Class ExponentiallySmoothedTaskRuntimeEstimator

java.lang.Object
org.apache.hadoop.mapreduce.v2.app.speculate.ExponentiallySmoothedTaskRuntimeEstimator
All Implemented Interfaces:
TaskRuntimeEstimator

public class ExponentiallySmoothedTaskRuntimeEstimator extends Object
This estimator exponentially smooths the rate of progress versus wallclock time. Conceivably we could write an estimator that smooths time per unit progress, and get different results.
  • Field Details

    • context

      protected AppContext context
    • startTimes

      protected final Map<org.apache.hadoop.mapreduce.v2.api.records.TaskAttemptId,Long> startTimes
    • mapperStatistics

      protected final Map<Job,DataStatistics> mapperStatistics
    • reducerStatistics

      protected final Map<Job,DataStatistics> reducerStatistics
    • doneTasks

      protected final Set<Task> doneTasks
  • Constructor Details

    • ExponentiallySmoothedTaskRuntimeEstimator

      public ExponentiallySmoothedTaskRuntimeEstimator()
  • Method Details

    • contextualize

      public void contextualize(org.apache.hadoop.conf.Configuration conf, AppContext context)
      Specified by:
      contextualize in interface TaskRuntimeEstimator
    • estimatedRuntime

      public long estimatedRuntime(org.apache.hadoop.mapreduce.v2.api.records.TaskAttemptId id)
      Description copied from interface: TaskRuntimeEstimator
      Estimate a task attempt's total runtime.
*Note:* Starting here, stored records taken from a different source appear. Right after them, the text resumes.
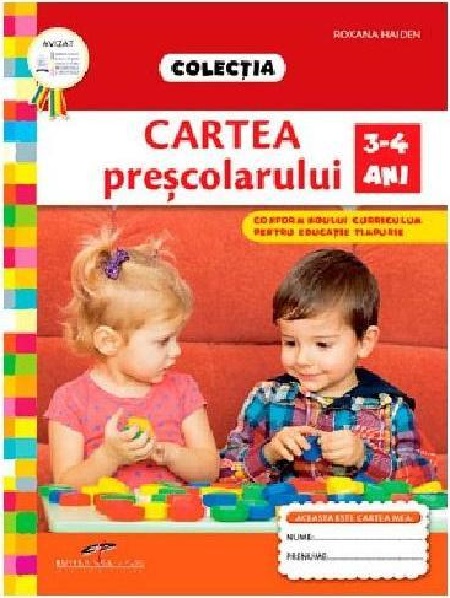 Cartea prescolarului. 3-4 ani | Roxana Haiden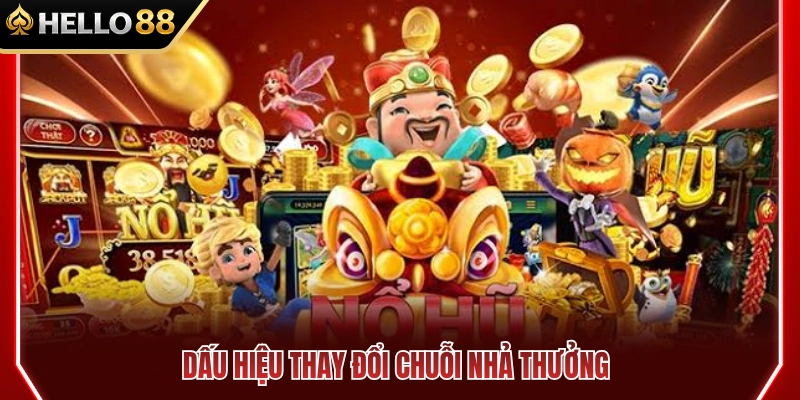 Dấu Hiệu Nên Dừng Nổ Hũ HELLO88 Khi Chơi 3 Tín hiệu cảnh báo chuỗi nhả thưởng đang có sự chuyển biến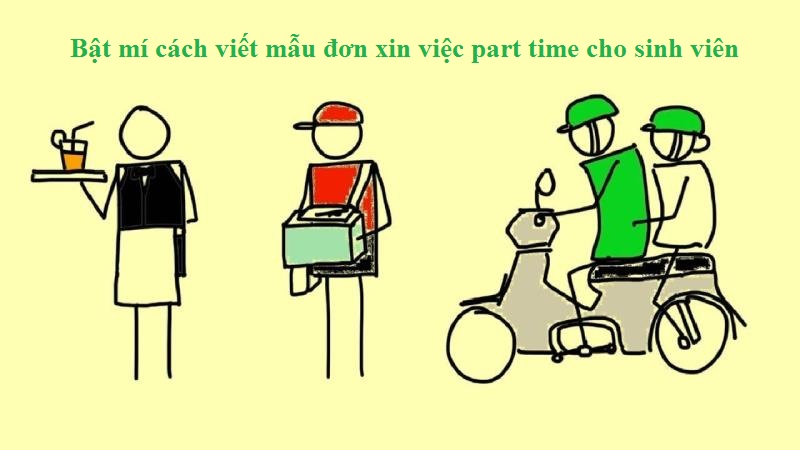 Nội dung đơn xin việc part time cho sinh viên 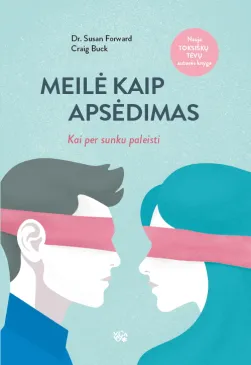 Meilė kaip apsėdimas: kai per sunku paleisti
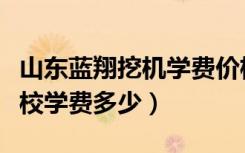 山东蓝翔挖机学费价格表（山东蓝翔挖掘机学校学费多少）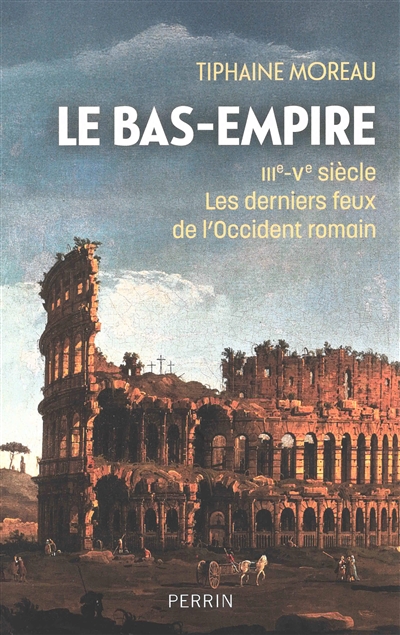 Le Bas-Empire : IIIe-Ve...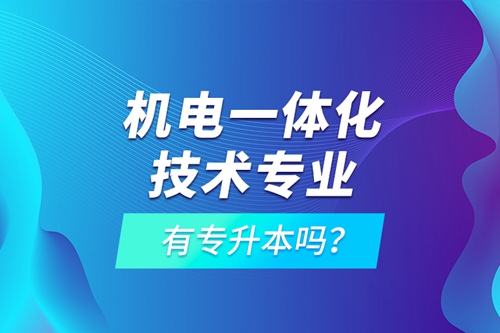 機(jī)電一體化技術(shù)專業(yè)有專升本嗎？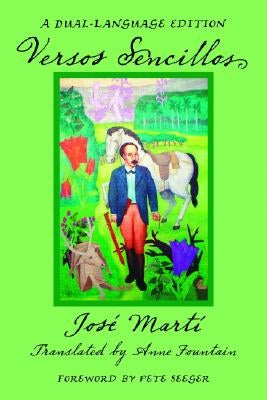Versos Sencillos: A Dual-Language Edition by Mart?, Jos?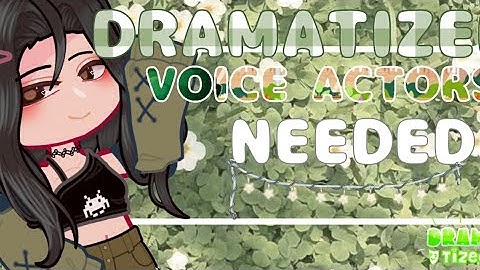 VOICE ACTORS NEEDED!!  ||  Dramatized gacha voice acted series || Re-POST  ||  Auditions up! 🐣🌻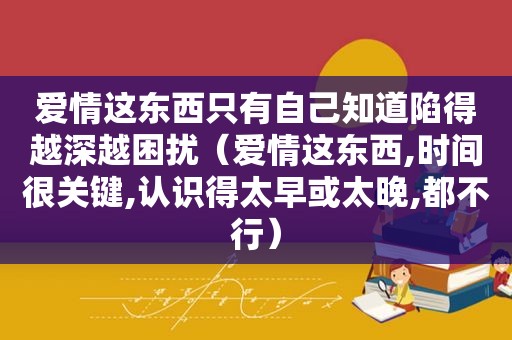 爱情这东西只有自己知道陷得越深越困扰（爱情这东西,时间很关键,认识得太早或太晚,都不行）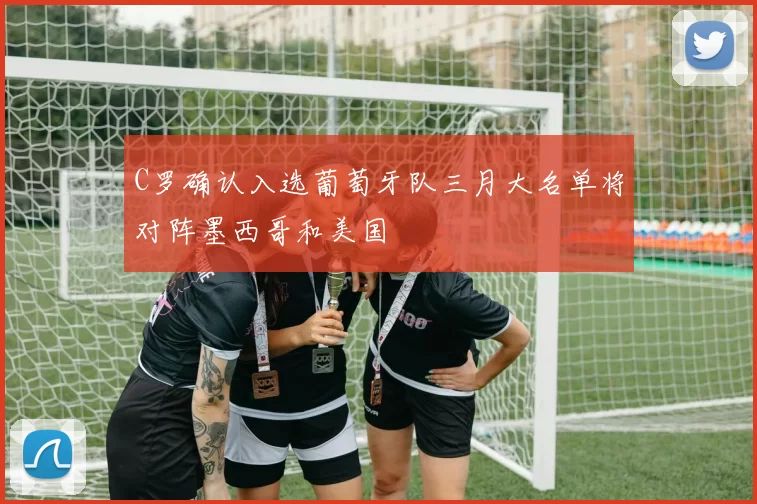 C罗确认入选葡萄牙队三月大名单将对阵墨西哥和美国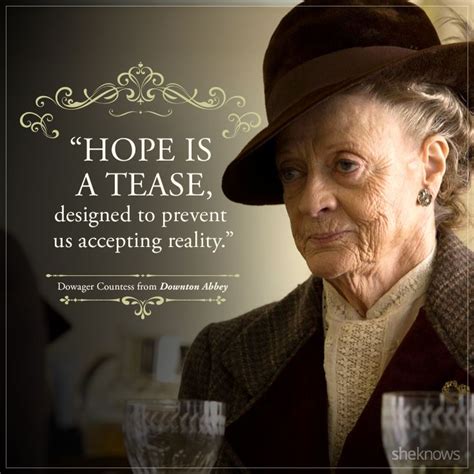 Here Are Dowager Countesss Best Quotes In Downton Abbey Downton Abbey Quotes Best Quotes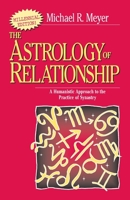 The Astrology of Relationship 0385115563 Book Cover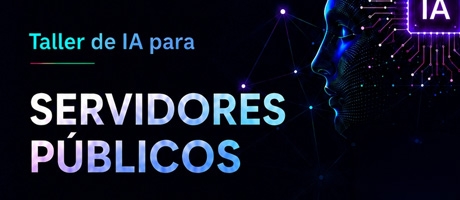 Taller de IA para Servidores P&uacute;blicos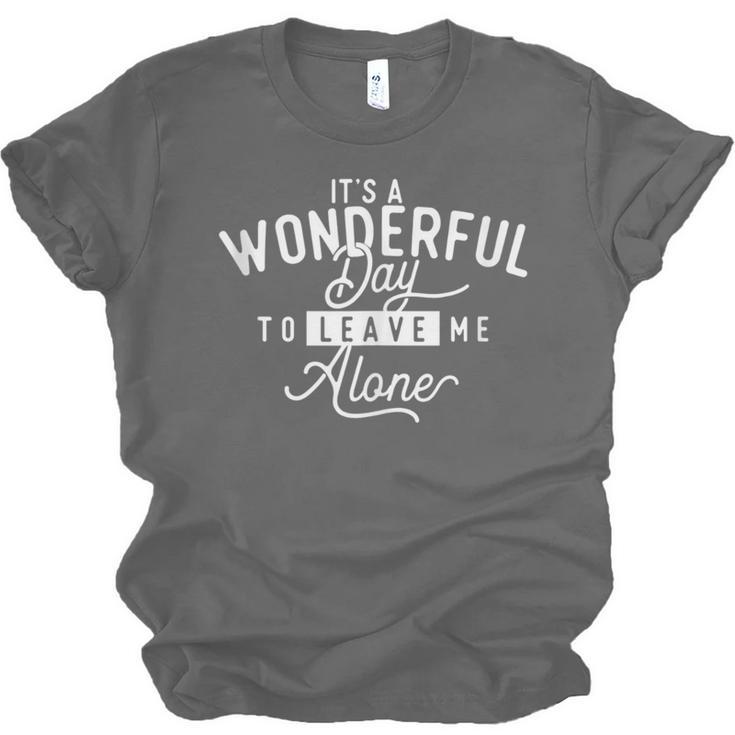 It's A Wonderful Day To Leave Me Alone Introvert Introverted Unisex Jersey T-Shirt It's A Wonderful Day To Leave Me Alone Introvert Introverted Unisex Jersey T-Shirt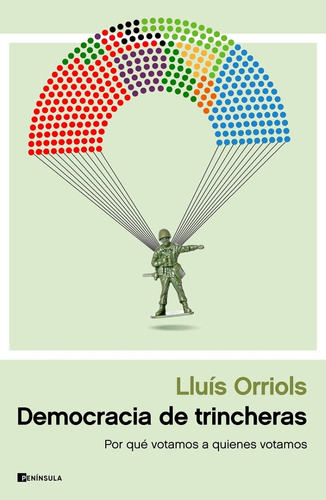 Livro - Democracia De Trincheras: Por Qué Votamos A Quienes Votamos - Importado - Espanhol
Includes the time already elapsed.
      Parameters:
      id - the TaskAttemptId of the attempt we are asking about
      Returns:
      our best estimate of the attempt's runtime, or -1 if we don't have enough information yet to produce an estimate.
    • runtimeEstimateVariance

      public long runtimeEstimateVariance(org.apache.hadoop.mapreduce.v2.api.records.TaskAttemptId id)
      Description copied from interface: TaskRuntimeEstimator
      Computes the width of the error band of our estimate of the task runtime as returned by TaskRuntimeEstimator.estimatedRuntime(TaskAttemptId)
      Parameters:
      id - the TaskAttemptId of the attempt we are asking about
      Returns:
      our best estimate of the attempt's runtime, or -1 if we don't have enough information yet to produce an estimate.
    • updateAttempt

      public void updateAttempt(TaskAttemptStatusUpdateEvent.TaskAttemptStatus status, long timestamp)
      Specified by:
      updateAttempt in interface TaskRuntimeEstimator
    • enrollAttempt

      public void enrollAttempt(TaskAttemptStatusUpdateEvent.TaskAttemptStatus status, long timestamp)
      Specified by:
      enrollAttempt in interface TaskRuntimeEstimator
    • attemptEnrolledTime

      public long attemptEnrolledTime(org.apache.hadoop.mapreduce.v2.api.records.TaskAttemptId attemptID)
      Specified by:
      attemptEnrolledTime in interface TaskRuntimeEstimator
    • dataStatisticsForTask

      protected DataStatistics dataStatisticsForTask(org.apache.hadoop.mapreduce.v2.api.records.TaskId taskID)
    • thresholdRuntime

      public long thresholdRuntime(org.apache.hadoop.mapreduce.v2.api.records.TaskId taskID)
      Description copied from interface: TaskRuntimeEstimator
      Find a maximum reasonable execution wallclock time. Includes the time already elapsed. Find a maximum reasonable execution time. Includes the time already elapsed. If the projected total execution time for this task ever exceeds its reasonable execution time, we may speculate it.
      Specified by:
      thresholdRuntime in interface TaskRuntimeEstimator
      Parameters:
      taskID - the TaskId of the task we are asking about
      Returns:
      the task's maximum reasonable runtime, or MAX_VALUE if we don't have enough information to rule out any runtime, however long.
    • estimatedNewAttemptRuntime

      public long estimatedNewAttemptRuntime(org.apache.hadoop.mapreduce.v2.api.records.TaskId id)
      Description copied from interface: TaskRuntimeEstimator
      Estimates how long a new attempt on this task will take if we start one now
      Specified by:
      estimatedNewAttemptRuntime in interface TaskRuntimeEstimator
      Parameters:
      id - the TaskId of the task we are asking about
      Returns:
      our best estimate of a new attempt's runtime, or -1 if we don't have enough information yet to produce an estimate.